Japan minister resigns after criticism over death penalty remarks

Japanese Prime Minister Fumio Kishida on Friday dismissed Yasuhiro Hanashi as justice minister after criticism over remarks widely seen as making light of his role in authorizing executions of death-row inmates.

Hanashi’s removal dealt a fresh blow to Kishida after another minister was sacked in late October over his suspicious links to the controversial Unification Church, with public approval ratings for the Cabinet plunging recently.

Hanashi, who assumed the post in August, told a political gathering on Wednesday that the justice minister is a “low-key” position and it becomes “a top story in daytime news programs only when stamping a seal on documents of execution” in the morning.

Later Friday, Hanashi told reporters at the prime minister’s office that he had submitted a letter of resignation to Kishida, stating, “I’m sorry I treated the death penalty lightly and angered the public.”

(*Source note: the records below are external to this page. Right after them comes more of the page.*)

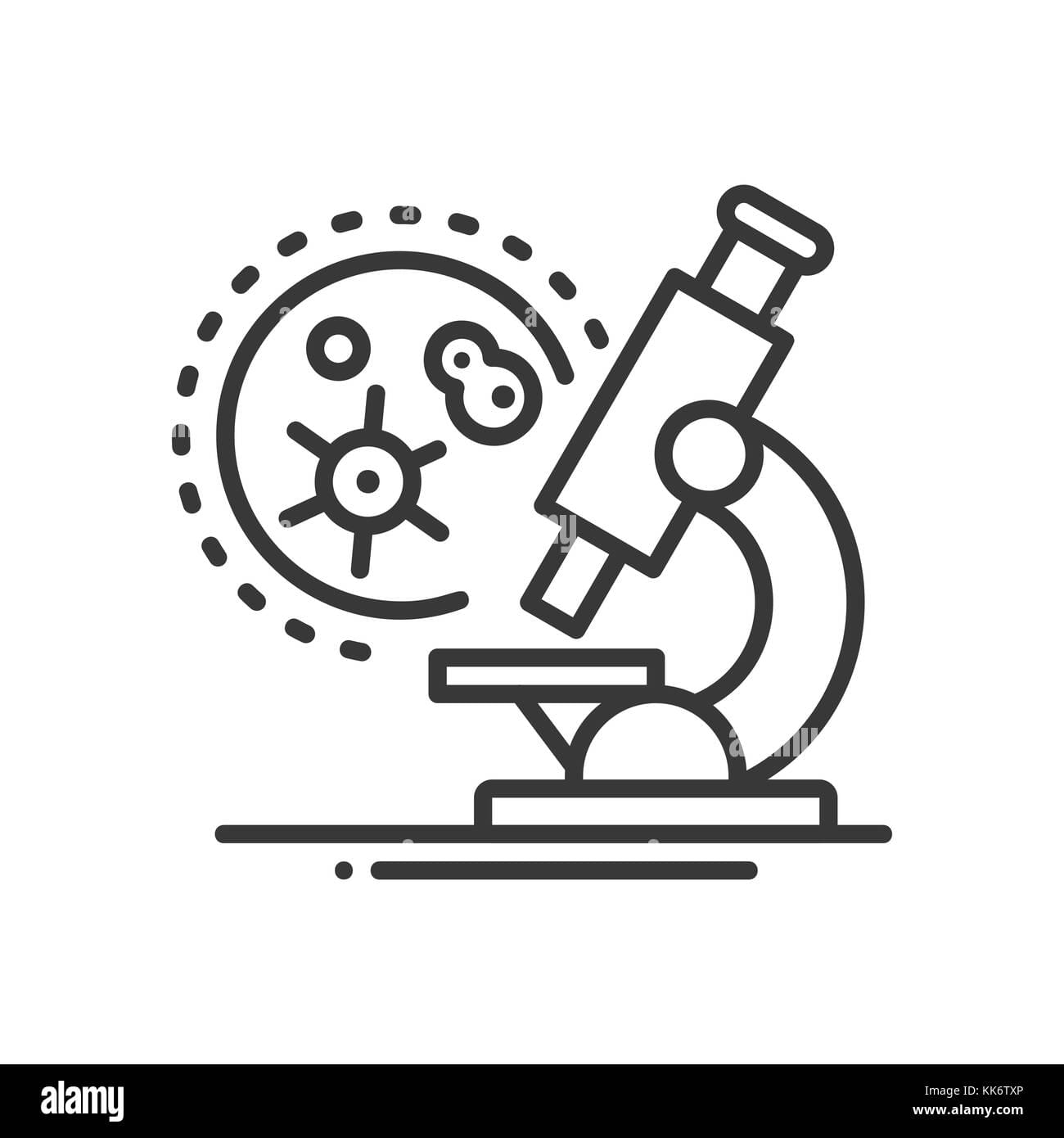 medical laboratory line design single isolated icon KK6TXP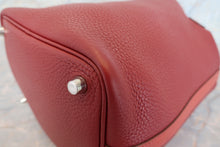 将图片加载到图库查看器，HERMES PICOTIN LOCK TOUCH PM Clemence leather/Swift leather Rouge H/Brique T刻印 Hand bag 600120044
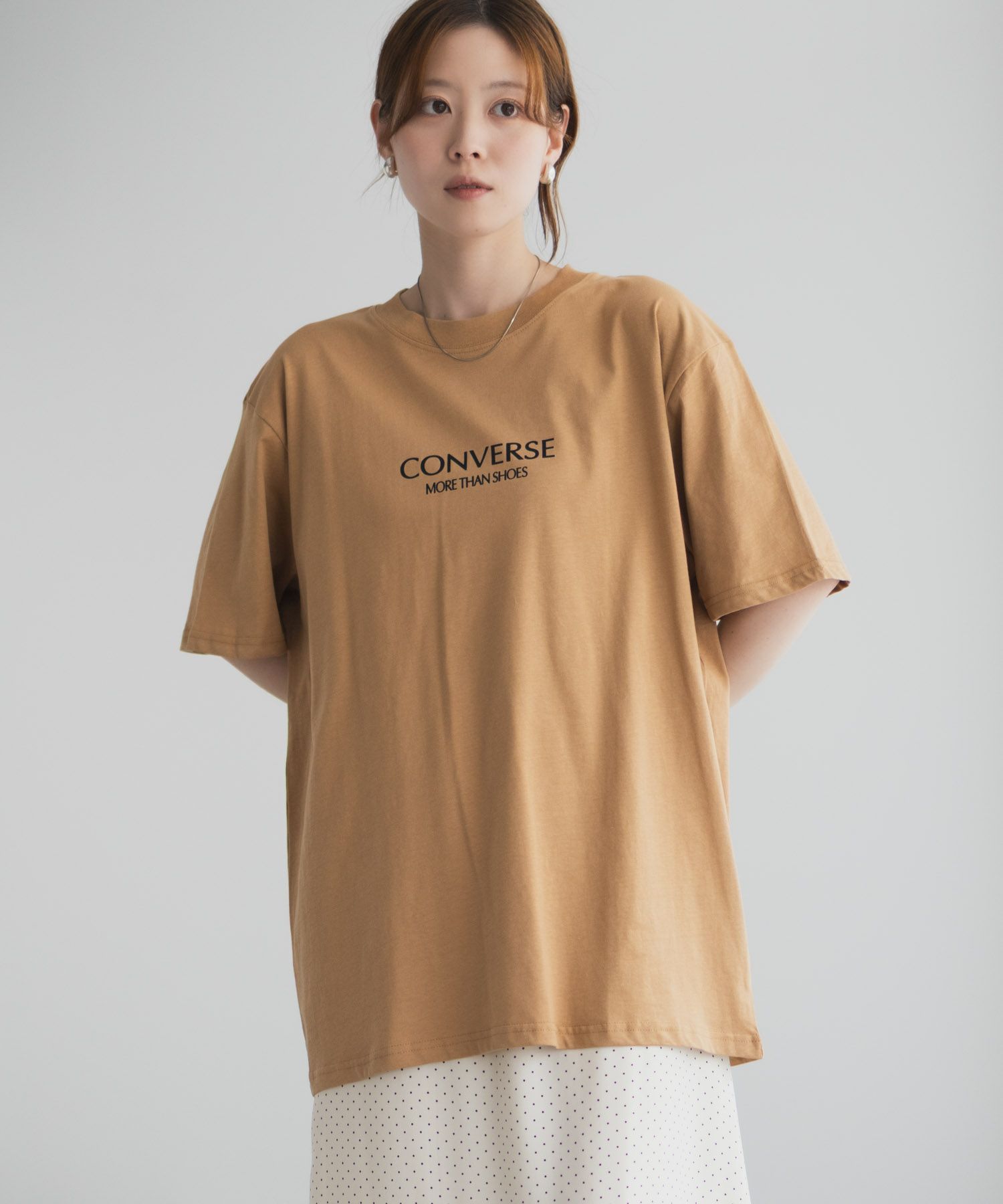 CONVERSE  バック刺繍ルーズTシャツ レディース メール便 対応商品商品サムネイル-15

Kishida had been due to leave in the afternoon for a summit of the Association of Southeast Asian Nations (ASEAN) in Cambodia, but he delayed his departure until 1 am to appoint a replacement for Hanashi.

“I take my own responsibility for appointing him in the first place seriously. By tackling challenges ahead, I would like to fulfil my duties,” Kishida said.

The government’s low approval ratings are partly due to controversy over politicians’ ties to the Unification Church.

The sect has been in the spotlight since reports emerged that the man accused of killing former prime minister Shinzo Abe resented the organisation over donations his mother made that bankrupted the family.

The church, officially known as the Family Federation for World Peace and Unification, has denied wrongdoing.